#### Your instructions:
Keep the wording of every entry exactly as it is while leaving the pictures out of your copy.

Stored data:
■ ■ ■ ■ ■

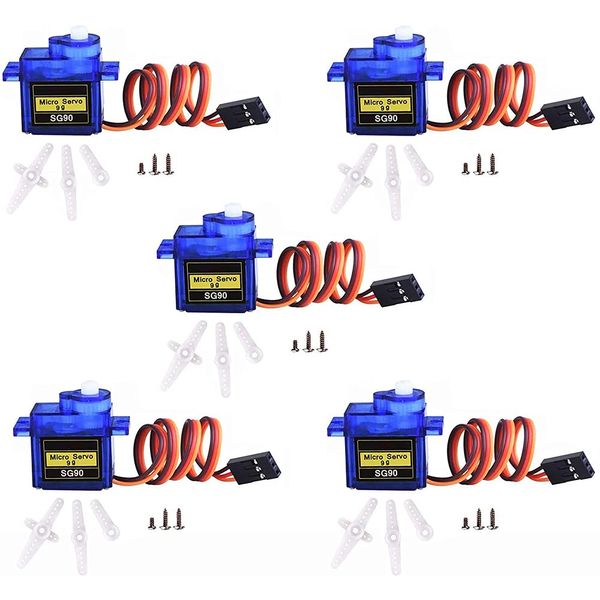 MMOBIEL 5 Pcs SG90 9g Micro Servo Motor Kit for RC Drone/Car/Airplane/Helicopter/Vehicles/Robots/Compatible with Arduino Projects and Raspberry Pi Incl. Screws and 15 Servo Arms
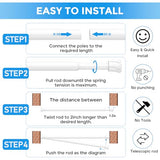 Tension Rod 28 to 48 inch, Adjustable Curtain Rods No Drilling Spring Rods Extendable Pressure DIY Tension Rod for Window Closet Kitchen, White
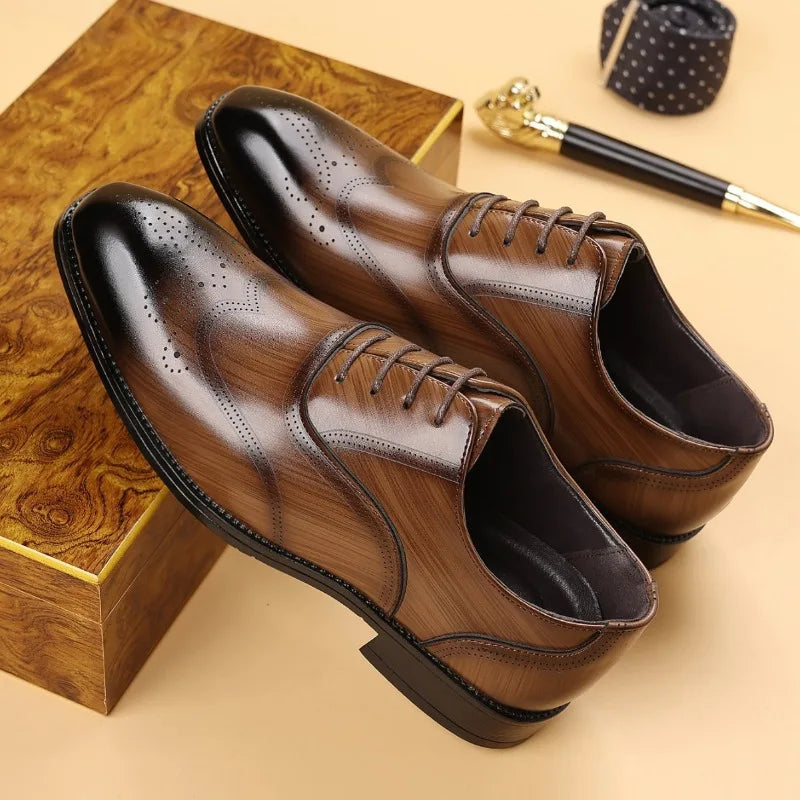 2026 Men Handmade Genuine Cow Leather Oxford Shoes Business Pointed Lace Up Men Wedding Shoes Formal Flats Black Plus Size 38-48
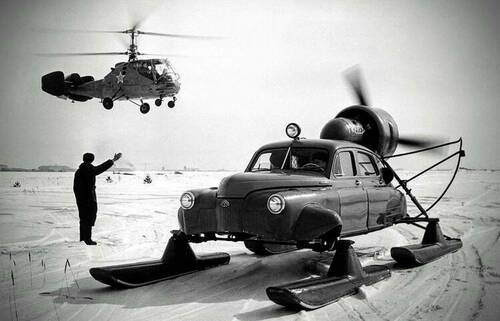 1959 Sever-2 Aerosled - Soviet GAZ-M20 Pobeda Sedan - Yak-12 Airplane Engine - Russian Kamov Helicopter.jpg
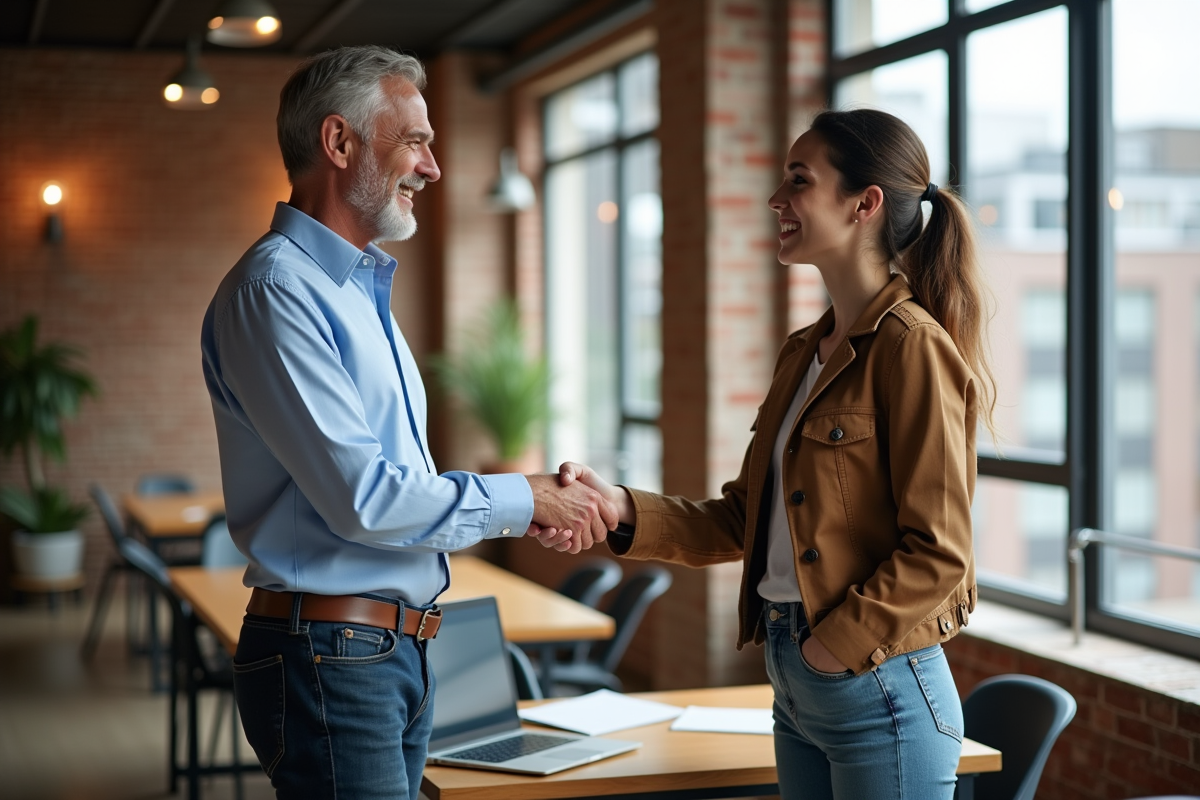 Autoentrepreneur et étudiante se serrant la main dans un coworking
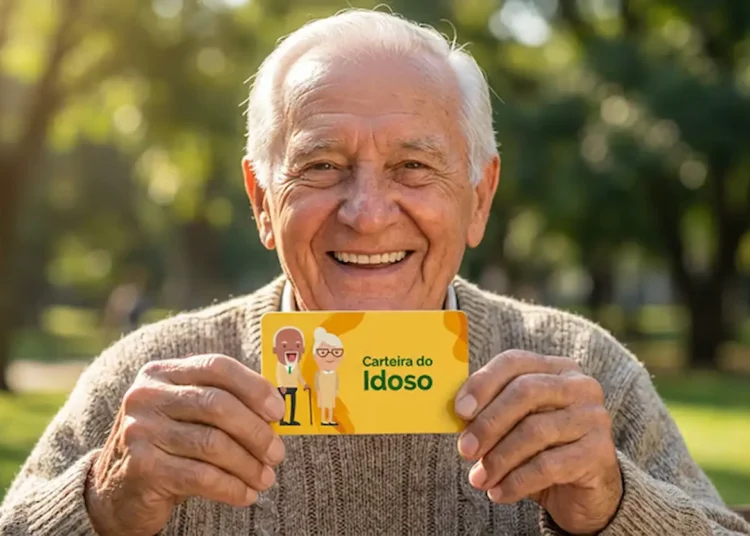 Idoso sorrindo e exibindo a Carteira do Idoso, um documento que garante o direito a transporte gratuito ou com descontos.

■ ■ ■ ■ ■

#### Response to this exercise:
 MMOBIEL 5 Pcs SG90 9g Micro Servo Motor Kit for RC Drone/Car/Airplane/Helicopter/Vehicles/Robots/Compatible with Arduino Projects and Raspberry Pi Incl. Screws and 15 Servo Arms
 Tension Rod 28 to 48 inch, Adjustable Curtain Rods No Drilling Spring Rods Extendable Pressure DIY Tension Rod for Window Closet Kitchen, White
 2026 Men Handmade Genuine Cow Leather Oxford Shoes Business Pointed Lace Up Men Wedding Shoes Formal Flats Black Plus Size 38-48
 1959 Sever-2 Aerosled - Soviet GAZ-M20 Pobeda Sedan - Yak-12 Airplane Engine - Russian Kamov Helicopter.jpg
 Autoentrepreneur et étudiante se serrant la main dans un coworking
 Idoso sorrindo e exibindo a Carteira do Idoso, um documento que garante o direito a transporte gratuito ou com descontos.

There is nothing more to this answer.